Тема общественных приличий получала дальнейшее развитие в церкви, где мужчины и женщины сидели по разные стороны прохода. Семьи состоятельных прихожан имели собственные скамьи. Тем, кто был победнее, после службы полагалось ждать, пока вышестоящие не выйдут из церкви первыми. Некоторые смелые женщины надевали к нарядному воскресному платью коричневые соломенные шляпки с опущенными полями, вошедшие в моду после 1856 года. Глава семьи носил цилиндр и сюртук-визитку и отправлялся на работу в запряженном лошадьми омнибусе.
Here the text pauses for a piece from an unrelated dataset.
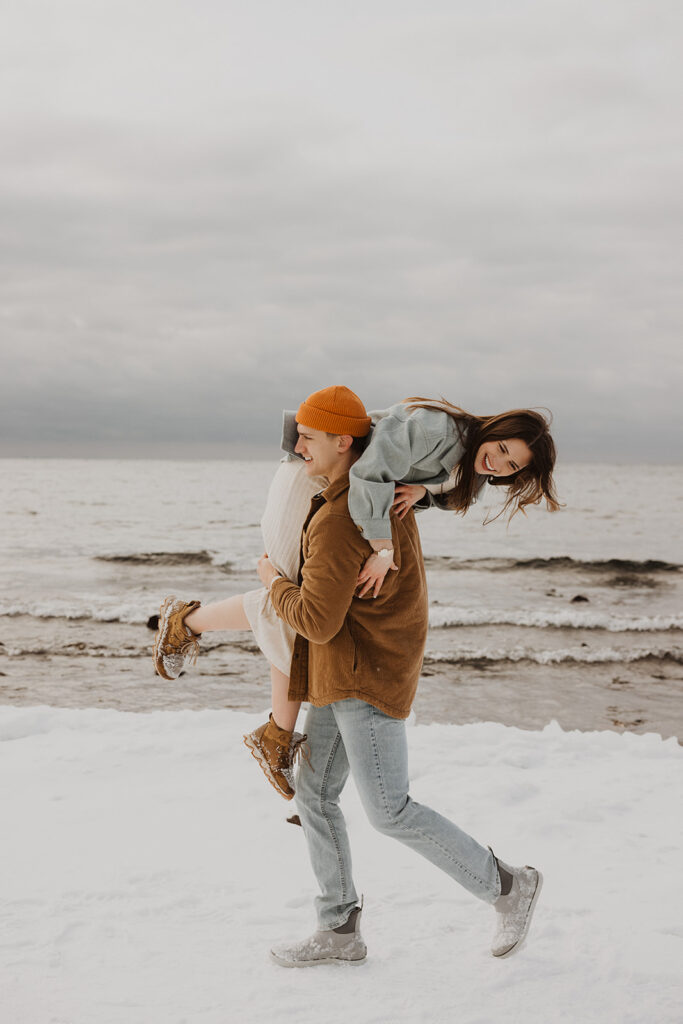 Man picks up his fiance and carries across Black Beach in North Shore, Minnesota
Здесь он видел своих соседей, хотя они не обязательно обменивались приветствиями. Предположим, он работал в Сити и был начальником тех бесчисленных клерков в черном, чей вид так резко контрастировал с видом уличных и пригородных торговцев.
Обед в середине дня стоил от десяти пенсов до одного шиллинга и шести пенсов и состоял из говядины, ветчины или телятины с пивом. Если человек спешил, он мог купить пирог у уличного торговца. Куриные кости выбрасывали в сточные канавы. Тот, кто имел больше времени и денег, мог посетить харчевню, где подавали мясные блюда и где из окон большую часть года приходилось любоваться неизменным лондонским туманом. Уличные фонари нередко зажигали уже в полдень. Американский посол писал: «Выглядывая из своего окна, я не видел идущих по улице людей. Поневоле задаешься вопросом, как англичане стали великой нацией, имея так мало дневного света?» Работа отнимала до 52 часов в неделю, но во второй половине дня в субботу наступал «английский» выходной, когда вся семья могла сесть на пароход или на трамвай и прокатиться до парка или зеленого пригорода. В воскресенье благочестивых или просто не желающих выделяться из общей массы людей, разумеется, призывала церковь. Остальные дольше обычного нежились в постели или совершали паломничества в местные пабы.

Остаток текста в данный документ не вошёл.